On the Joy of Going to the Movies
I have just returned from seeing Charlie and the Chocolate Factory. I liked it. A lot. But finally, it really doesn’t matter what I thought of this particular film. Last week I saw Batman Begins. I liked that, too. Well, actually, I wasn’t crazy about the latter film, but I really liked going to the movies. Let me qualify that: I love going to the movies. I have over the years seen a great many films: when I lived in New York City I went to the cinema at least three times a week. Sometimes, I would come home from school on a Friday afternoon (I was a high school English teacher. Maybe I still am?), and I would go for my daily run in Central Park (oh, how I loved running in Central Park); then I would come home, shower, pack a small dinner, and go off to the Thalia Theater at 95th and Broadway for a double feature. Sometimes you had to hold the sandwich high to keep the little rats away, but I soon learned that even rats aren’t crazy about tempeh and tofu. I ate a lot of tempeh and tofu sandwiches. To my mind, the film experience was a perfect ending to imperfect weeks.
I love sitting in the dark. Smack in the middle of the theater, preferably. Though, I really don’t care where I am seated so long as I can see the screen unobstructed and have easy access to the bathrooms. I don’t need popcorn, but there are, at times, a type of film that calls for popcorn—usually, this type of film is a comedy. I had popcorn today at Charlie and the Chocolate Factory. I love getting to the show a bit early, and bringing some reading material—The Nation, In These Times, The Forward—once, I even brought Michel Foucault into the theater and read the same paragraph until the previews began. I love sitting in the dark on a hot summer early afternoon with the air conditioning on high power. I love sitting in the dark on a cold winter’s late afternoon snuggled in my sweater and lined jeans. I like being alone even when I am with another. As Thoreau says, “There are some things which a man never speaks of, which are much finer kept silent about . . . In human intercourse the tragedy begins, not when there is misunderstanding about words, but when silence is not understood.” Silence is what I seek in the theater.And when the film is over, I crave a social meal or a friendly and fine beer.
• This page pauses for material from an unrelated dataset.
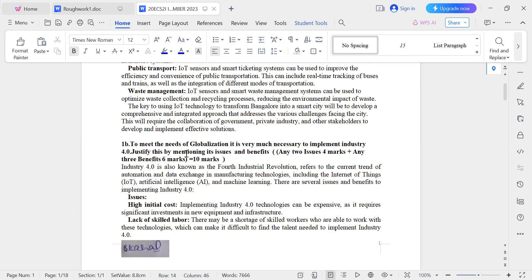These are the key issues and benefits that justify the need for globalization and why it is very much necessary to implement Industry 4.0. This is the answer for question number 1B. Thank you.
To talk about the film, of course, but more to talk about life with the film as stimulus.
I know that there is a strain of theory that suggests that sitting in the darkened theater is like dreaming. Maybe it is so. Ah, what isn’t like dreaming, except maybe dreaming. Thoreau again: “For in dreams we but act a part which must have been learned and rehearsed in our waking hours, and no doubt could discover some waking consent thereto . . . Our truest life is when we are in dreams awake.” I go to the movies to get away from the world and to confront it. I go to the movies to sit in the dark so that my life is just a bit brighter.
Mitch and I had dinner again at the Hammond Hotel. It’s a quaint dining location situated right under the Hammond Water Tower in the scenic town of Hammond, Wisconsin, and across the parking lot from a boarded up window which might once have hidden Jews hiding from Nazis. We were discussing blogs, and Mitchell asked, wisely, “Who the hell reads them?” I told him that that was exactly the point—we all have to read them because blogs represent the best (and last?) potential for subversion the left might yet have. We have lost whatever hope we might have once had in the media—they are effete and ineffectual, and the government has effectively silenced whatever brave reporters yet exist. We have no member of Congress brave enough to tell the truth, or even brave enough to practice it. Certainly, who ever we thought were our representatives have turned with their tails between their legs at the reprimand of the Republican White Christians, to quote one of the last of the angry men, Howard Dean! (This is the very same Howard Dean who taught us how powerful the Internet can be as a political instrument—this knowledge required that the powers-that-be destroy him, and advocate for a John Kerry who might look good but who wouldn’t threaten the power structures.) The right wing beat us to the radio talk shows, and the Rush Limbaughs laugh at us as we try to play extreme catch-up on TalkRadio. No, in all of the traditional places in which power resides in our society, we, on the left, are absolutely locked out. Without Resources. Useless. Meaningless. Our conversation kept drifting to the Vichy government, to Petáin, and to Casablanca.
I have often speculated on why you don’t return to America. Did you abscond with the church funds? Did you run off with a senator’s wife? I like to think you killed a man. It’s the romantic in me . . . And what in heaven’s name brought you to Casablanca? “My health. I came to Casablanca for the waters.” “Waters! What waters? We’re in the desert!” “I was misinformed.”

I am re-reading the diary of Anne Frank. She did not live to be as old as Emma is now; and for twenty five months she did not breathe the air in the world. She lived in the insufferably claustrophobic space of the Secret Annex, and, remarkably, did not go mad. I have never been that strong.